—(1) No advocate or solicitor shall at any time be permitted, unless with his client’s express consent, to disclose any communication made to him in the course and for the purpose of his employment as such advocate or solicitor by or on behalf of his client, or to state the contents or condition of any document with which he has become acquainted in the course and for the purpose of his professional employment, or to disclose any advice given by him to his client in the course and for the purpose of such employment.
(2) Nothing in this section shall protect from disclosure —
any such communication made in furtherance of any illegal purpose;
any fact observed by any advocate or solicitor in the course of his employment as such showing that any crime or fraud has been committed since the commencement of his employment.
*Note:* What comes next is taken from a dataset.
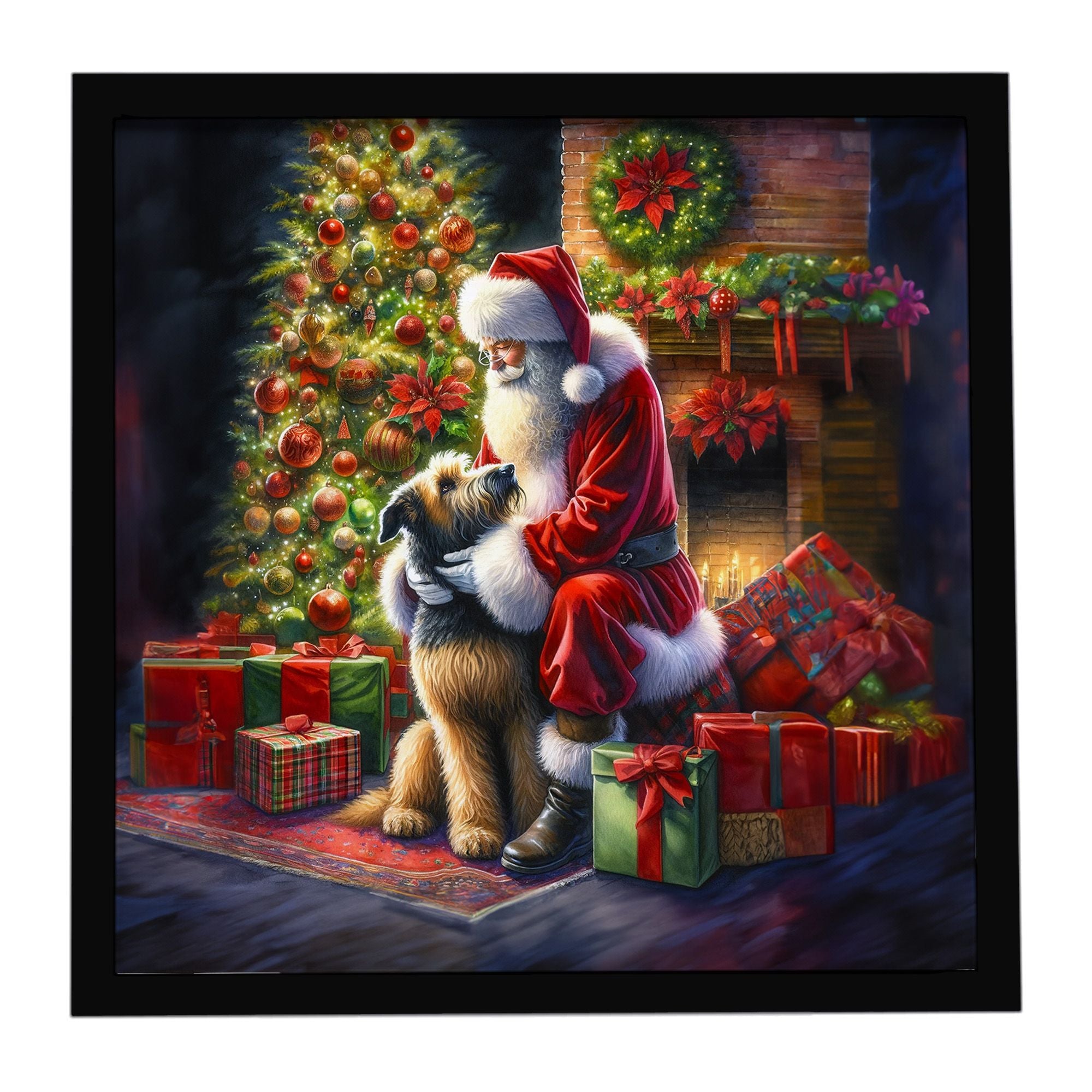 Irish Wolfhound and Santa Claus Framed Metal Print Bathroom, Kitchen, Office, Home Decor Wall Art Ready to Hang, Square, 8X8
(3) It is immaterial whether the attention of such advocate or solicitor was or was not directed to such fact by or on behalf of his client.
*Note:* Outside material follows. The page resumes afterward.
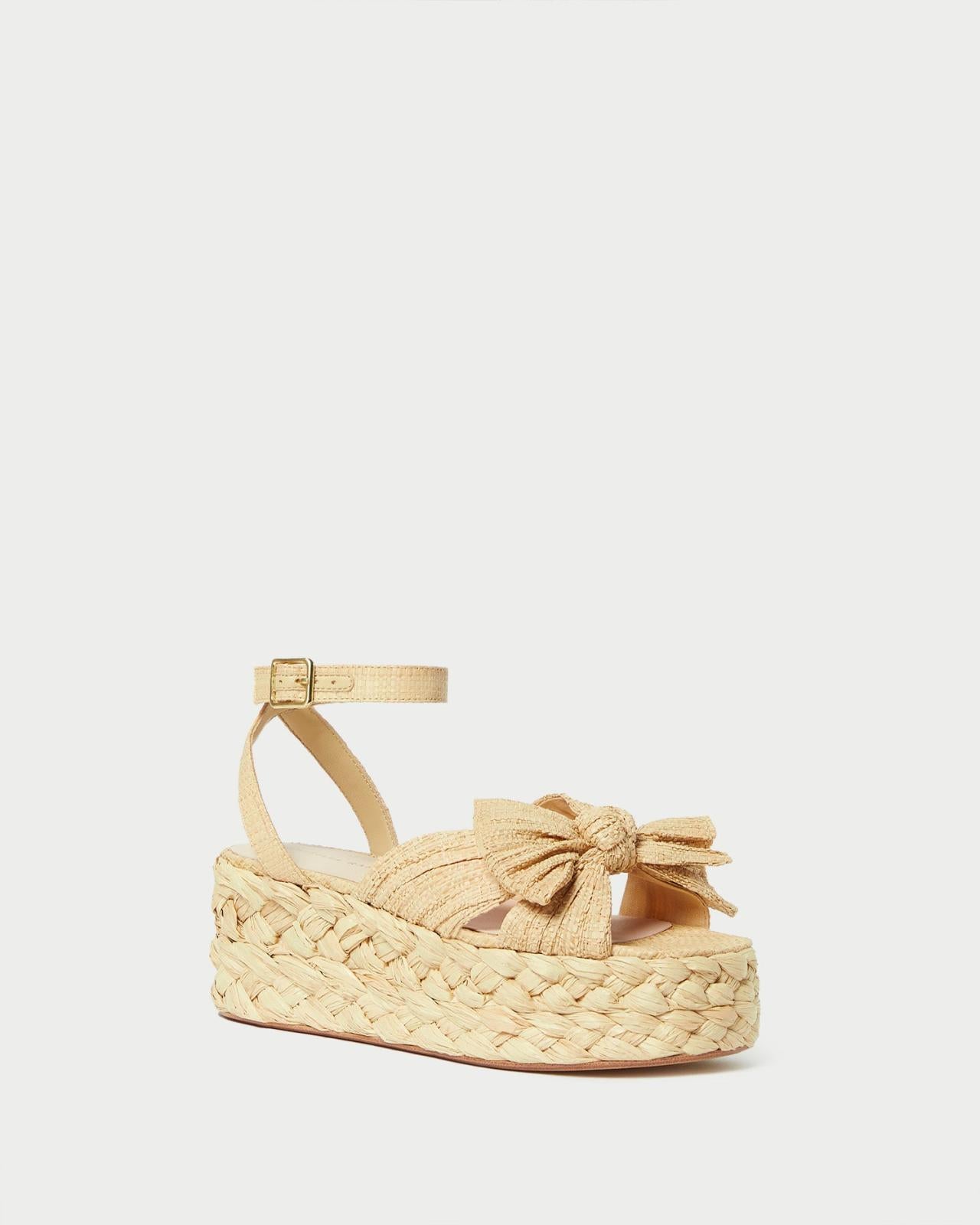 Loeffler Randall Gaby Natural Pleated Bow Espadrille L Espadrilles L Footwear | Women Flats &amp; Loafers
Explanation .—The obligation stated in this section continues after the employment has ceased.
A, a client, says to B, a solicitor: “I have committed forgery and I wish you to defend me”.
As the defence of a man known to be guilty is not a criminal purpose this communication is protected from disclosure.
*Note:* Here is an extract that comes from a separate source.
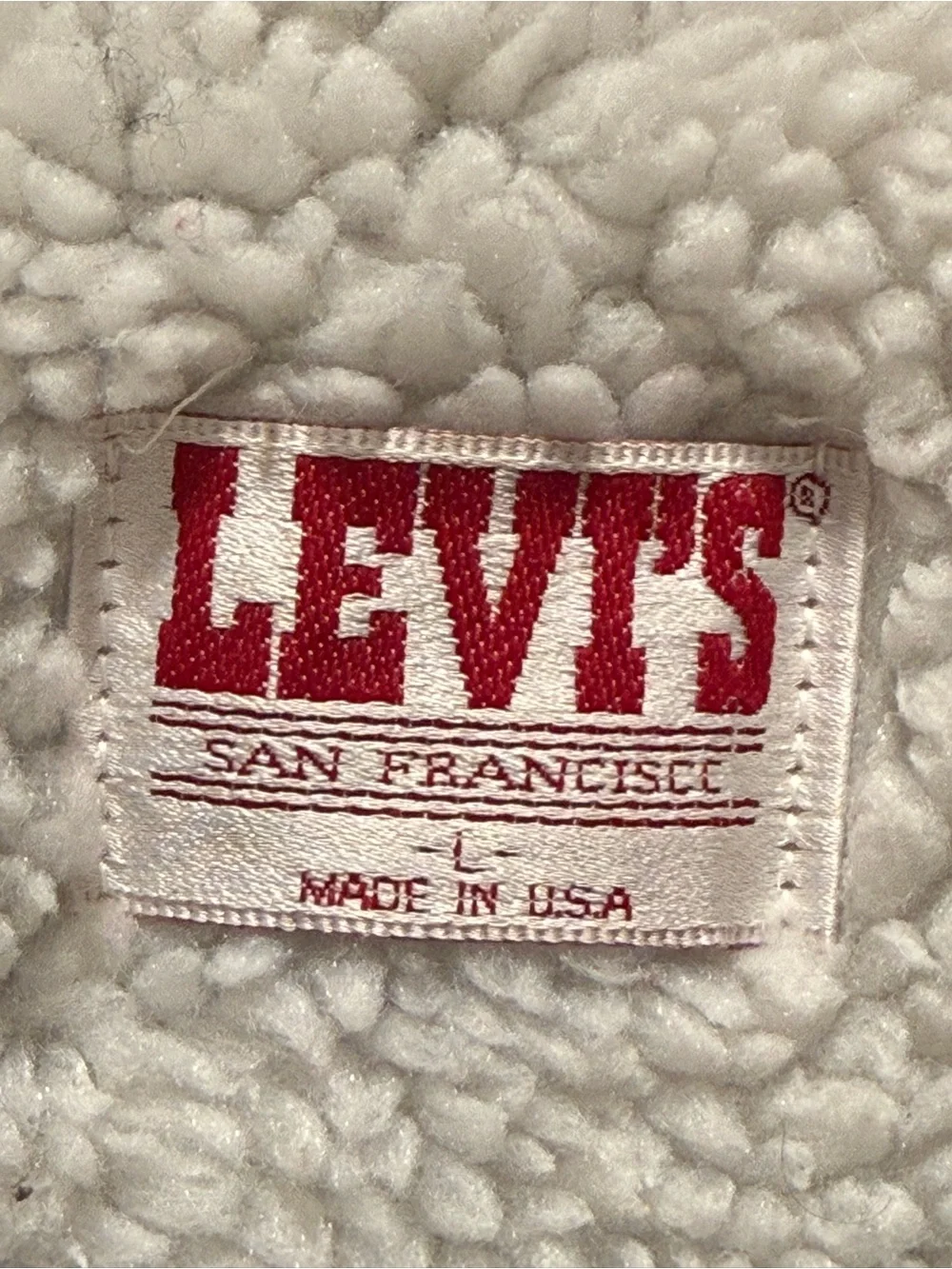 Levi's Blue Denim Jacket with White Sherpa Lining Mens Size Large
A, a client, says to B, a solicitor: “I wish to obtain possession of property by the use of a forged deed on which I request you to sue”.
This communication being made in furtherance of a criminal purpose is not protected from disclosure.
A, being charged with embezzlement, retains B, a solicitor, to defend him. In the course of the proceedings B observes that an entry has been made in A’s account-book, charging A with the sum said to have been embezzled, which entry was not in the book at the commencement of his employment.
This being a fact observed by B in the course of his employment, showing that a fraud has been committed since the commencement of the proceedings, it is not protected from disclosure.